Task objective -
Give all the lines below again, exactly, with no pictures.

Source data -
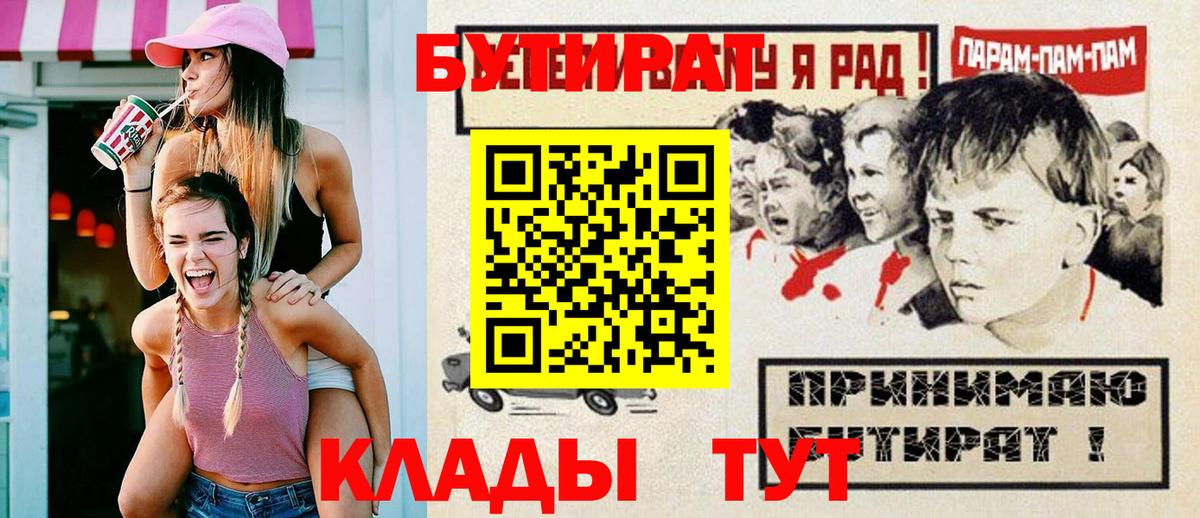 Бутират жидкий экстази Тобольск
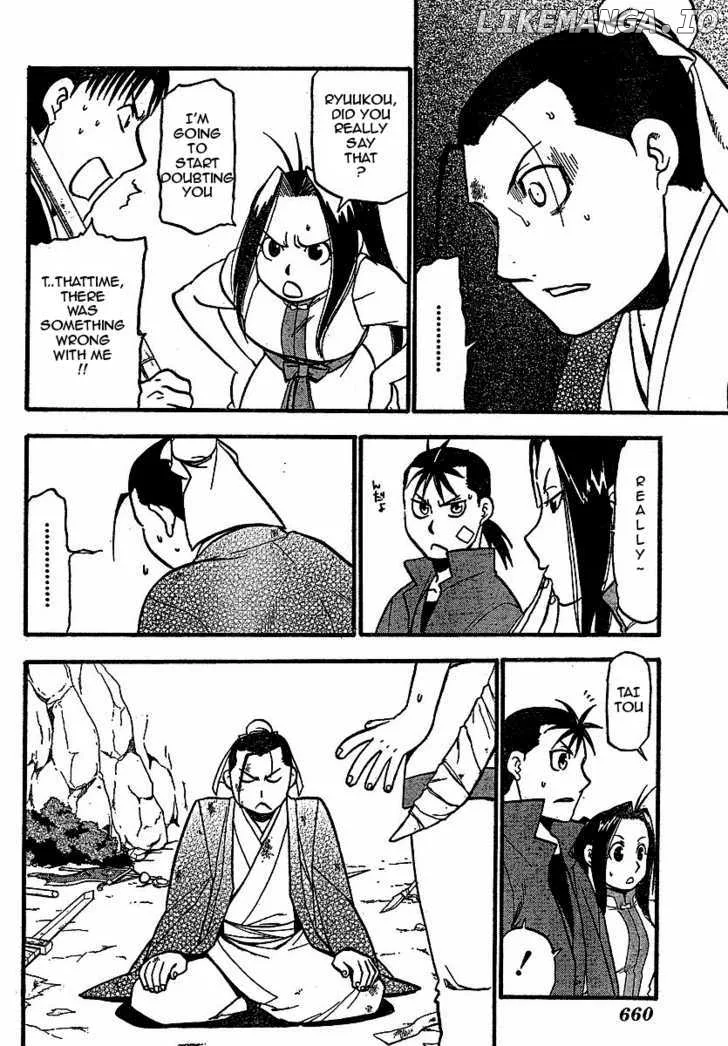 Juushin Enbu Chapter 18 page 10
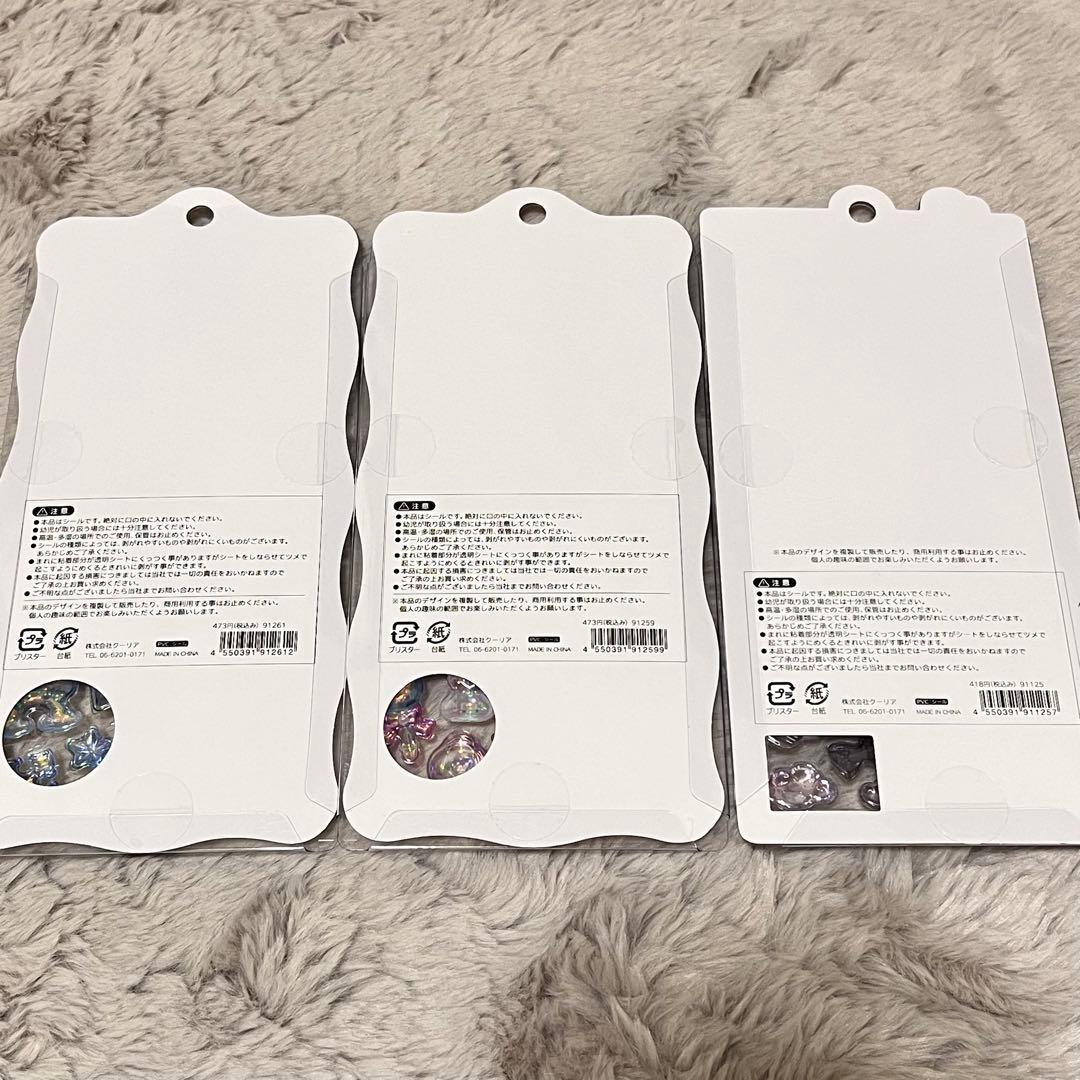 ボンボンドロップシール オリジナル ほかほか ほうせき ねこねこ ちゅるキラ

Written response -
 Бутират жидкий экстази Тобольск
 Juushin Enbu Chapter 18 page 10
 ボンボンドロップシール オリジナル ほかほか ほうせき ねこねこ ちゅるキラ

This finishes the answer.